Swiss franc watch
SNB: What’s the new FX policy?
There remains persistent uncertainty on the SNB’s FX policy stance since it abandoned the euro/franc floor on Jan 15.
Swiss press reports over the weekend suggest that the SNB is operating with an unofficial minimum FX rate with talk of a euro/franc corridor of €1.05-€1.10. We still think that it is likely the SNB has adopted and is testing a Singapore style FX policy of a basket, band and crawl (BBC) mechanism for the franc.
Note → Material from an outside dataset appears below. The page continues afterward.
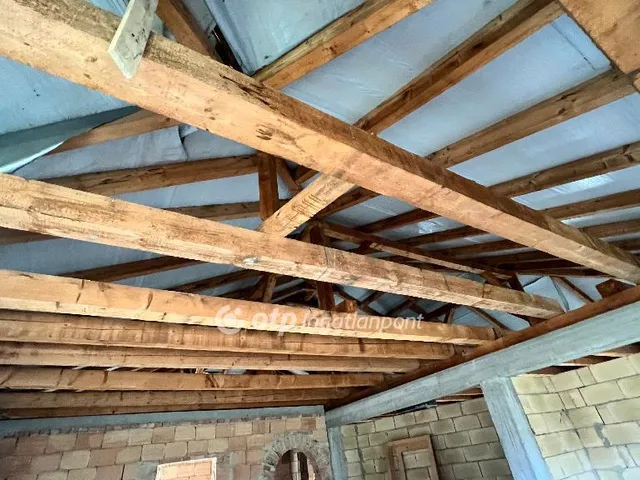 Eladó ház Döbrönte 220 nm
It does not make sense for the SNB to have dropped the €1.20 floor and now adopt a corridor of €1.05-€1.10 as this is akin to adopting a new floor at €1.05. Given safe haven flows, the upper end of any corridor is irrelevant and when coupled with the SNB thinking that the costs of a floor outweigh the benefits it does not make sense that it now effectively adopts a new lower floor.
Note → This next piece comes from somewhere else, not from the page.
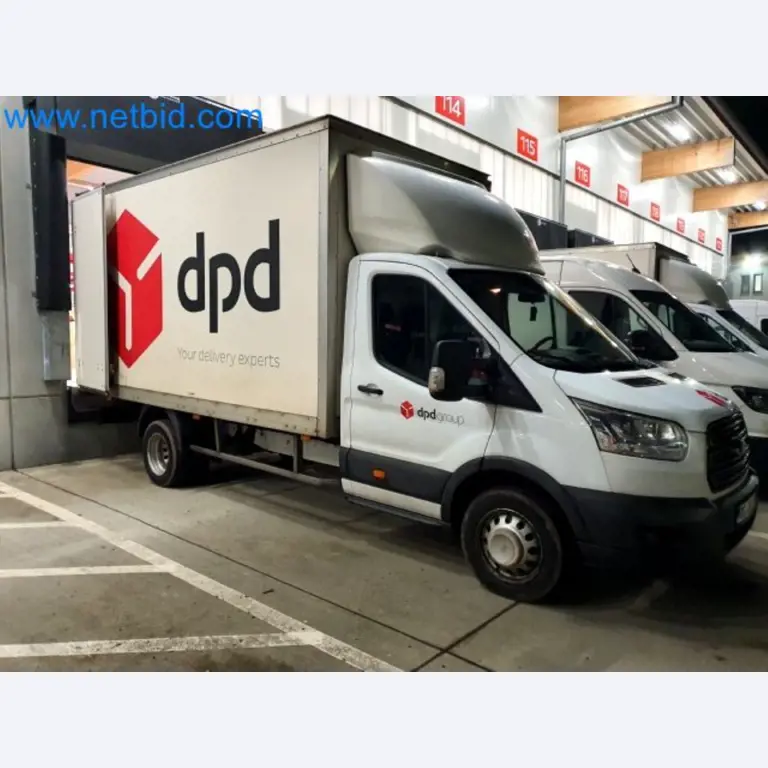 Přepravce balíkové služby-17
If there is a desired range on euro/franc then this should be looked at in the context of how this, as well as a range on dollar/franc, will allow the SNB to manage the franc’s NEER (nominal effective exchange rate) within an undisclosed target band.
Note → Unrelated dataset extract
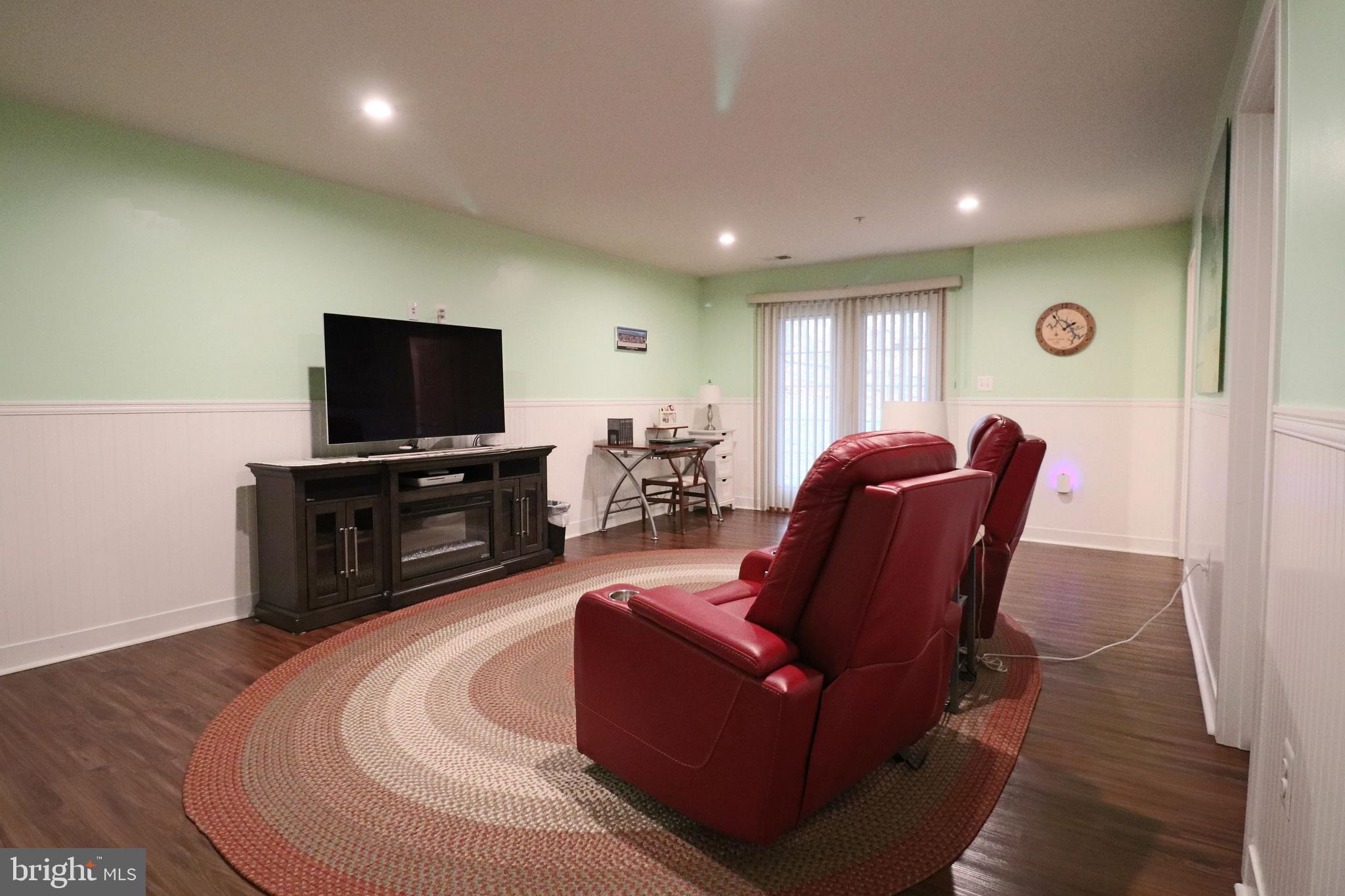 AVONDALE GROVE - Residential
We believe FX intervention has not only happened on euro/franc but also on dollar/franc so as to align both to its new NEER target. The focus beyond euro/franc helps to explain why the SNB described movements of the franc versus the euro and the dollar in its statement on Jan 15 when the floor was abandoned.
We repeat that the advantage of a BBC mechanism for the SNB is that:
1) unlike a euro/franc floor the band would minimise the need for constant FX intervention
2) the band could be set to give maximum flexibility and allow short term fluctuations and
3) the crawl feature would allow the exchange rate to adjust to changing fundamentals.